Primeiro, porque, na pureza das coisas, ser constituído arguido significa apenas e só que se está a conferir, a alguém que é suspeito, um estatuto que visa dotá-lo de uma presunção de inocência e de amplos meios de defesa. Bem sei que isto é na pureza das coisas e que, com a crescente mediatização de processos, ser arguido passou a significar uma forte presunção de culpa, às vezes mais carregada de negro do que a peste. Aliás, felizmente que, depois de 19 anos felizes, deixei de ser docente universitário, para não correr o risco de ensinar, pelo menos, uma mentira, a de que ser constituído arguido "é bom", por ser uma garantia. Simbolicamente, deixou de o ser, e passou a ser "mau", muito mau. Mas isso não me faz mudar de opinião sobre demissões, antes pelo contrário, pois quanto mais demissões, mais simbolismo negativo sobre ser arguido, numa espiral incontrolável, à qual todos temos obrigação de resistir, especialmente quem tem certos cargos e responsabilidades. É sabido, desde o princípio dos tempos, que o medo é um general poderoso, talvez o mais poderoso de todos.

 

Segundo, porque às vezes acontece que a constituição de arguido é leviana, e que não se baseia, como manda a lei, numa fundada suspeita, ou porque a suspeita não tem fundamento bastante, ou, pior, porque tal constituição se destina a servir finalidades processuais não legítimas para esse fim, como seja, entre outros exemplos possíveis, a de possibilitar buscas. E quanto à hipótese de alguma vez se destinar a servir finalidades extraprocessuais, prefiro nem pensar nisso. Seja como for, essa hipótese de constituição leviana ainda faz recuar mais quanto a cenários de demissões.
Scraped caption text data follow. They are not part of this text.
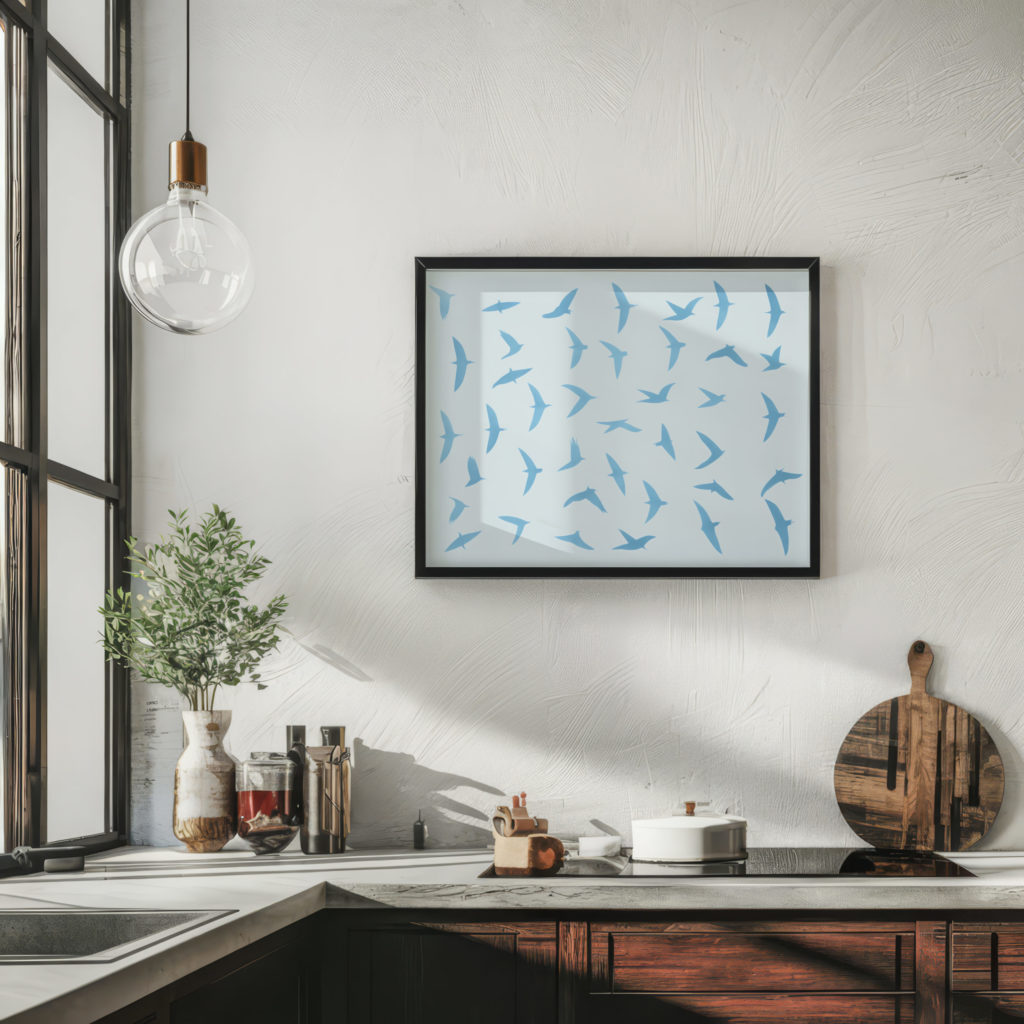 coastal animals 0002 MODERN 3x4 6 mockup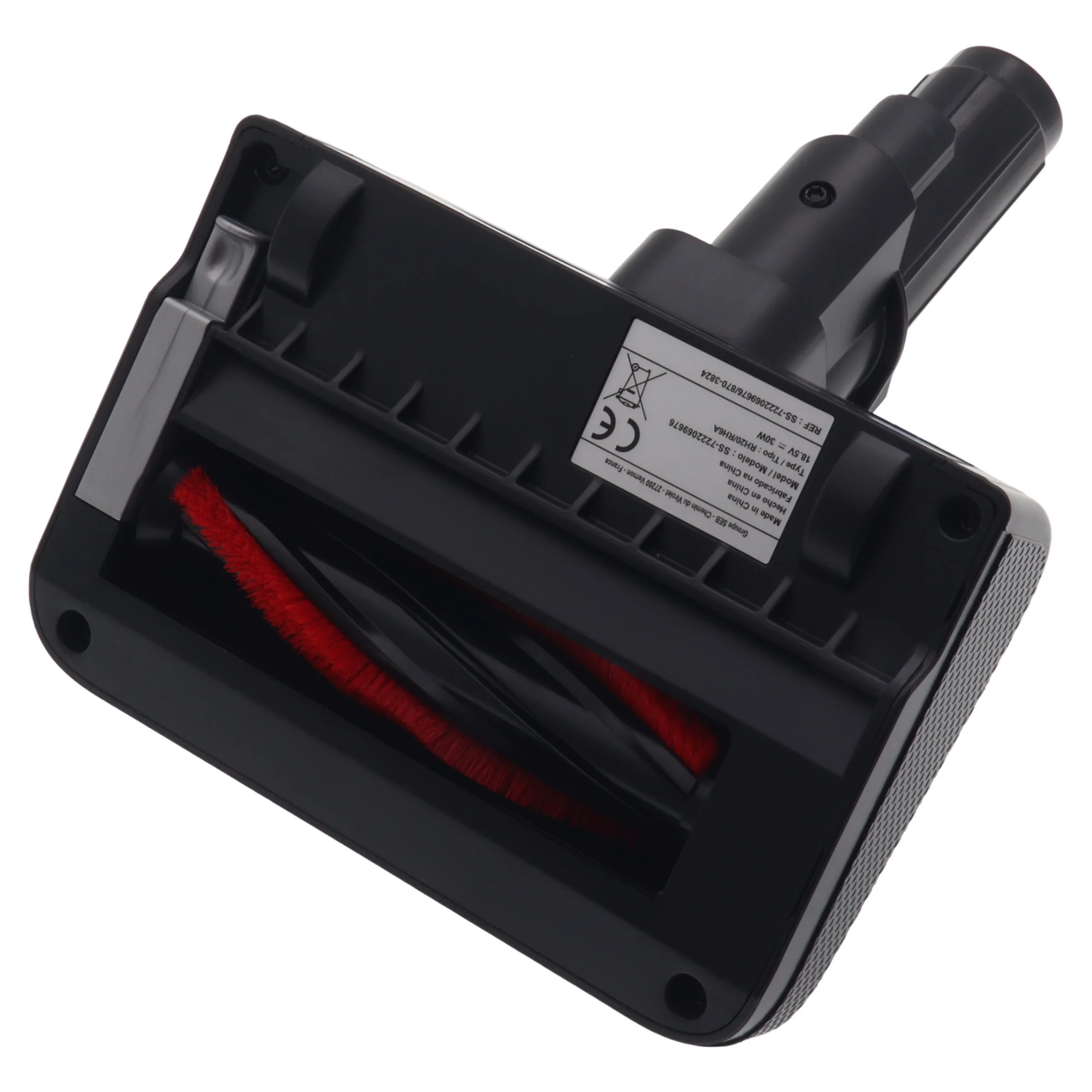 Rowenta turbo spazzola piccola 18.5V scopa aspirapolvere XForce Flex 9.60 RH2078 RH2087 RH2098 - Image 3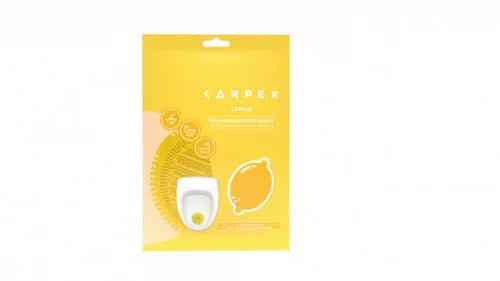 Carpex Piszoár Illatosító Rács, Citrus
E deveria, tal como a primeira e principal razão que apontei, ter levado no passado e levar no presente a que houvesse cuidado na sociedade portuguesa sobre o modo como se usa o estatuto de arguido para esgrimir opiniões, tirar consequências políticas ou empresariais, e deveria cobrir de vergonha (e até um certo receio, pois nunca se sabe o que sai das caixas de Pandora quando nos bate à porta) quem no passado usou esse estatuto de outros como arma ou instrumento político.

 

Finalmente, há uma terceira razão, que tem que ver com a separação de poderes e, mais, com a saúde da República. Se a mera constituição como arguido desse, sistematicamente, para demissões de cargos políticos ou empresariais, então estaria encontrado o caminho, pelo menos hipoteticamente, para governar através dessa constituição, bastaria constituir como arguido quem quiséssemos ver arredado de tais cargos. Já não seriam as categorias de pensamento de Parmênides ou Nietzsche a que alude o título do célebre livro de Milan Kundera, seria um outro pensamento, esse sim pior do que a peste. Embora apenas uma hipótese, aliás certamente muito remota, só pensar nisso basta para travar todas as demissões.